AVAILABLE DATA:
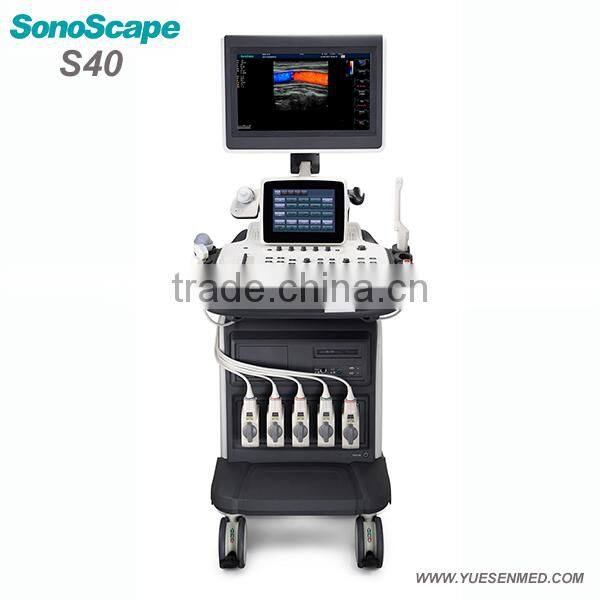 Mobile color Doppler system 3D 4D S11 Sonoscape echography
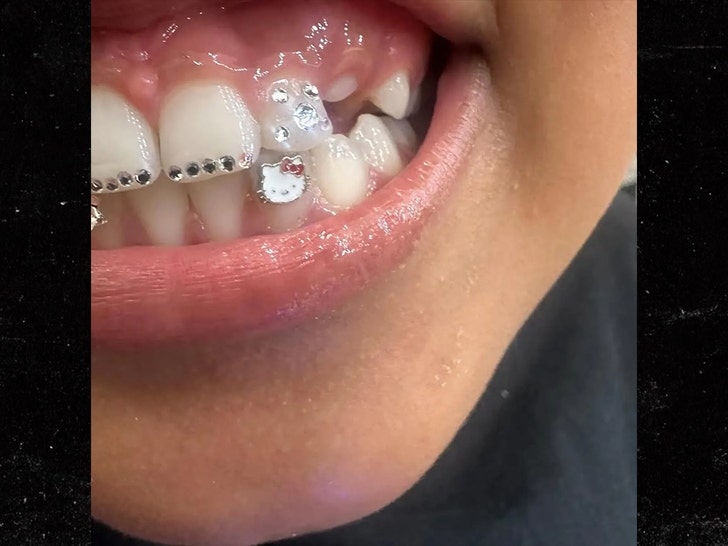 kim karadshian son saint bloody teeth insta 2
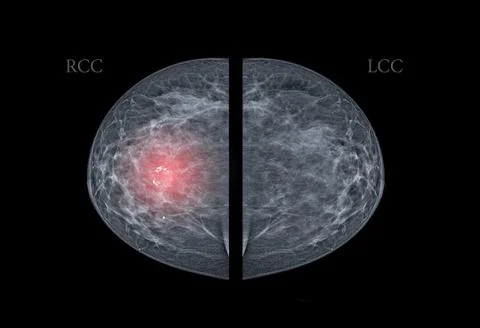 X-ray Digital Mammogram  or mammography  both side of the breast  CC view  fo Stock Photos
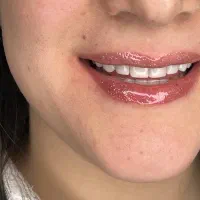 کامپوزیت دندان دندانپزشکی|خدمات آرایشگری و زیبایی|تهران, ستارخان|دیوار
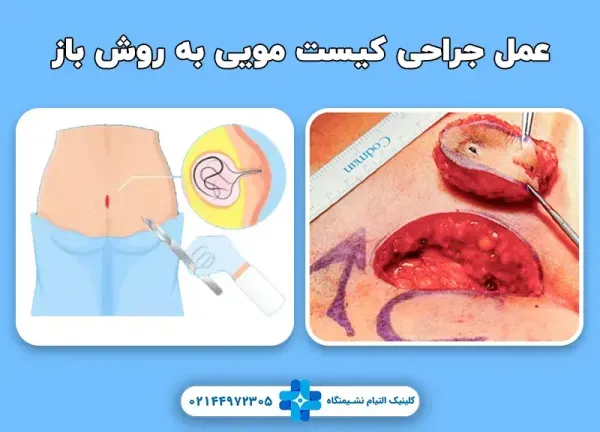  آیا عمل کیست مویی بیهوشی دارد؟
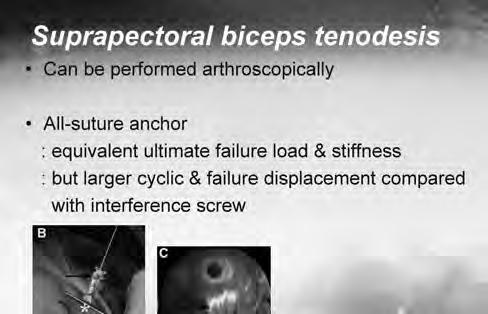 Arthroscopic Biceps Tenodesis:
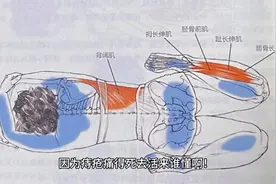 痔疮学会青蛙趴，才一个月就好了！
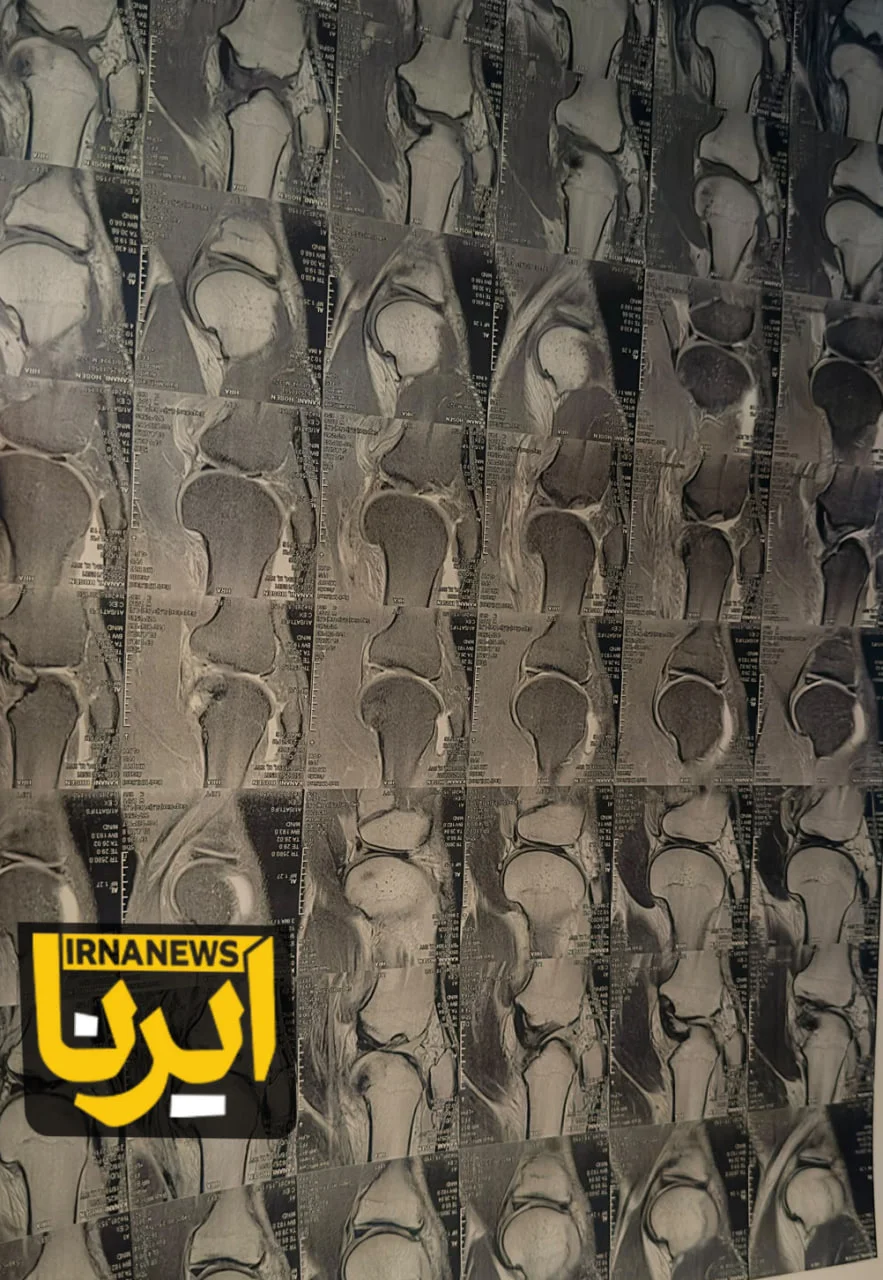 دلیل غیبت کنعانی در لیست تیم ملی، با مدرک مشخص شد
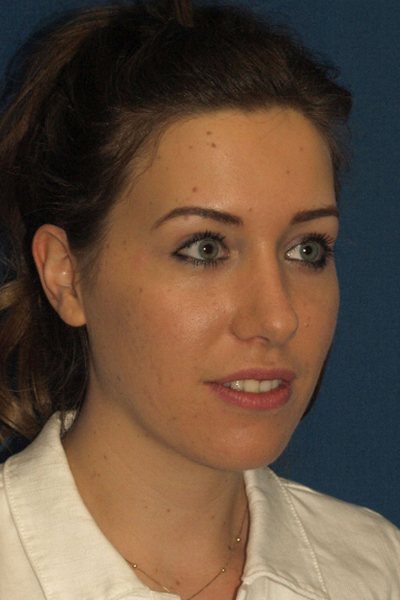 Rhinoplasty Before & After Image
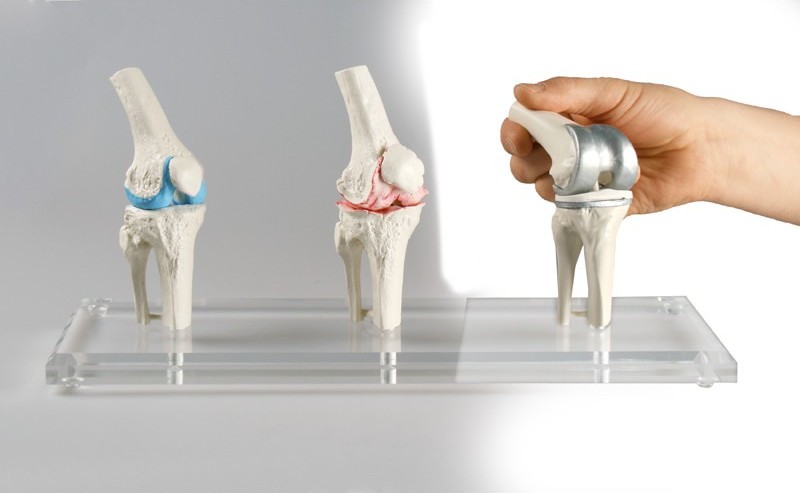 Erler-Zimmer Knee Joints Model - MedicalSupplies.co.uk
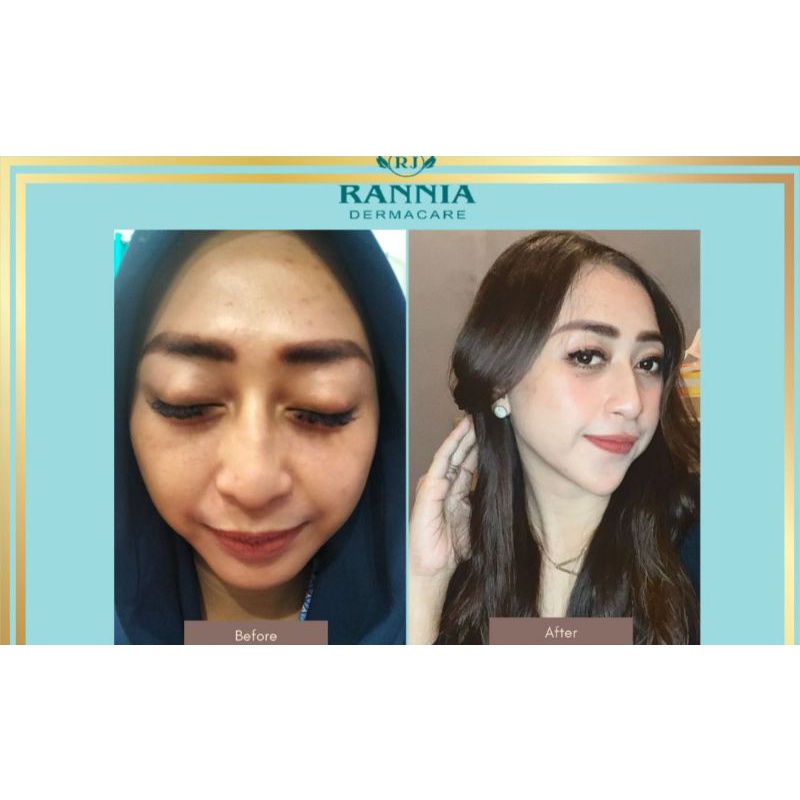 filler dagu 1cc eropa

TASK STATEMENT:
Whenever a line holds a picture, print that line without the picture. All other data must be output exactly.

ANSWER TO THE EXERCISE:
 Mobile color Doppler system 3D 4D S11 Sonoscape echography
 kim karadshian son saint bloody teeth insta 2
 X-ray Digital Mammogram  or mammography  both side of the breast  CC view  fo Stock Photos
 کامپوزیت دندان دندانپزشکی|خدمات آرایشگری و زیبایی|تهران, ستارخان|دیوار
  آیا عمل کیست مویی بیهوشی دارد؟
 Arthroscopic Biceps Tenodesis:
 痔疮学会青蛙趴，才一个月就好了！
 دلیل غیبت کنعانی در لیست تیم ملی، با مدرک مشخص شد
 Rhinoplasty Before & After Image
 Erler-Zimmer Knee Joints Model - MedicalSupplies.co.uk
 filler dagu 1cc eropa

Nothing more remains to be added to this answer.